Liberdade para ser bom
O segundo aspecto tem a ver com a “vítima” da liberdade de expressão perversa dos ditos “perseguidos políticos”. Alexandre de Moraes, escravizado pela vaidade e por um conceito corrompido de honra, tem toda a liberdade do mundo (e até alguns incentivos) para agir corretamente. Imbuído da supertoga, contudo, optou pela falsa virtude de proteger a “democracia” a qualquer custo.
Para explicar por que a cruzada de Alexandre de Moraes é imoral, primeiro tenho que reconhecer que sou um vândalo de livros. Desavergonhadamente. E o tempo todo. Estou lá lendo o livro, na esperança hoje meio infundada de chegar até o fim dele, quando me deparo com um trecho interessante. Sem enrubescer, pego a caneta - a bicona velha de guerra - e sublinho. Geralmente faço também um ponto de exclamação estilizado à margem, porque tenho uma certeza tola (todas as certezas são meio tolas) de que um dia abrirei aquele livro naquela página e me lembrarei exatamente das sinapses que me fizeram pensar “ó, que trecho interessante, deixe-me vandalizar o livro aqui porque vale muito a pena”.
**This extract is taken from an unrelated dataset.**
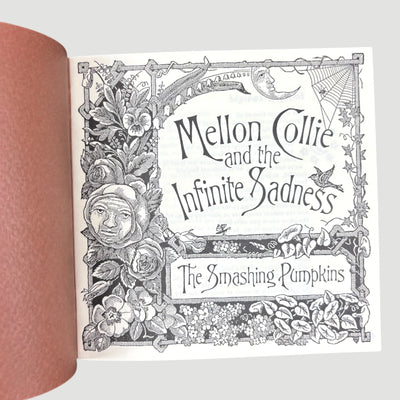 1995 The Smashing Pumpkins Mellon Collie Japanese 2CD Set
Ontem mesmo, relendo o Ivan Ilitch, sublinhei “gostava de fazer sentir que ele, capaz de esmagar, tratava-os com simplicidade”. Neste trecho, Tolstói (Tolsta, para os íntimos) conta a vida pregressa do homem bom, mas nada especial, que dá nome à novela. Hoje cedo, contudo, ao abrir o livrinho e me deparar com o trecho sublinhado quando eu já era embalado no colo de Morfeu, tive dificuldades para me lembrar do que me levou a gritar “Eureka!” e acordar a Catota, que me encarou com aqueles olhos azuis para sempre enfadados.
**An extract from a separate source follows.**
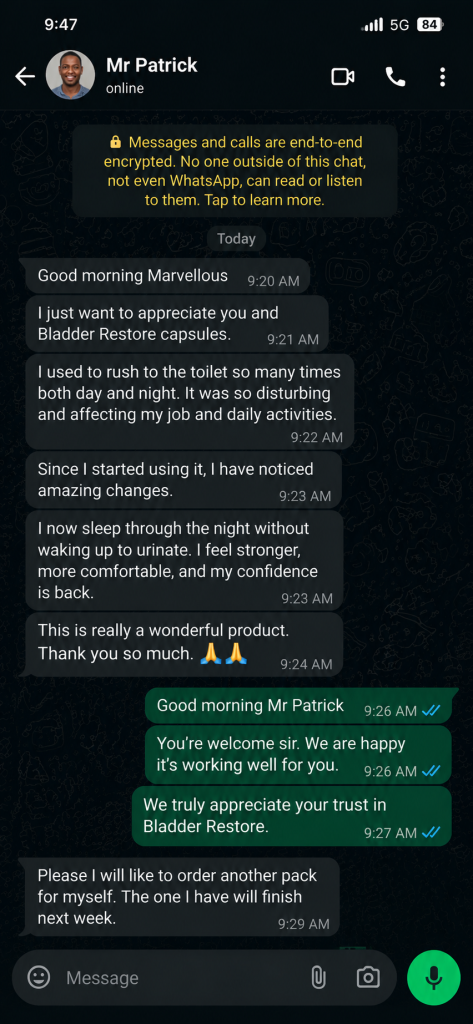 WhatsApp review screenshot 3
Aí me lembrei da liberdade perversa dos “perseguidos”. Uma coisa leva a outra e temos que, pela métrica da “compaixão jurídica”, Alexandre de Moraes é o anti-Ivan Ilitch. Isto é, munido da liberdade de agir virtuosamente, usando do chamado devido processo legal, o juiz optou por esmagar seus adversários com prisões, operações de busca e apreensão, censura explícita, tornozeleira eletrônica, etc. Ou seja, diante da possibilidade de agir ética e sabiamente, aspirando a virtude ou santidade, Alexandre de Moraes escolheu usar a força que, apesar do véu de legalidade, não tem outro objetivo que não impedir que o outro exerça seu livre-arbítrio.
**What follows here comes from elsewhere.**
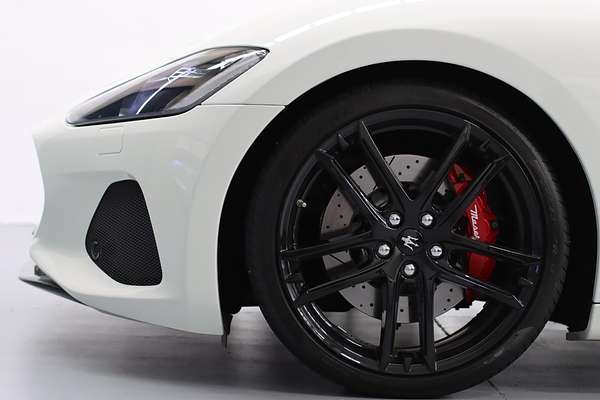 2018 Maserati GranTurismo MC M145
E é aí que entra a hierarquia do dever. Membro da Suprema Corte do país, cabe ao ministro fazer uso da “reputação ilibada e notável saber jurídico” que lhe renderam o cargo para se mostrar moralmente superior àqueles que o ofenderam e ameaçaram. Detentor do poder de força, Alexandre de Moraes, em tese, não tem a liberdade de ser mau. Embora transborde naquele crânio reluzente a liberdade de ser bom.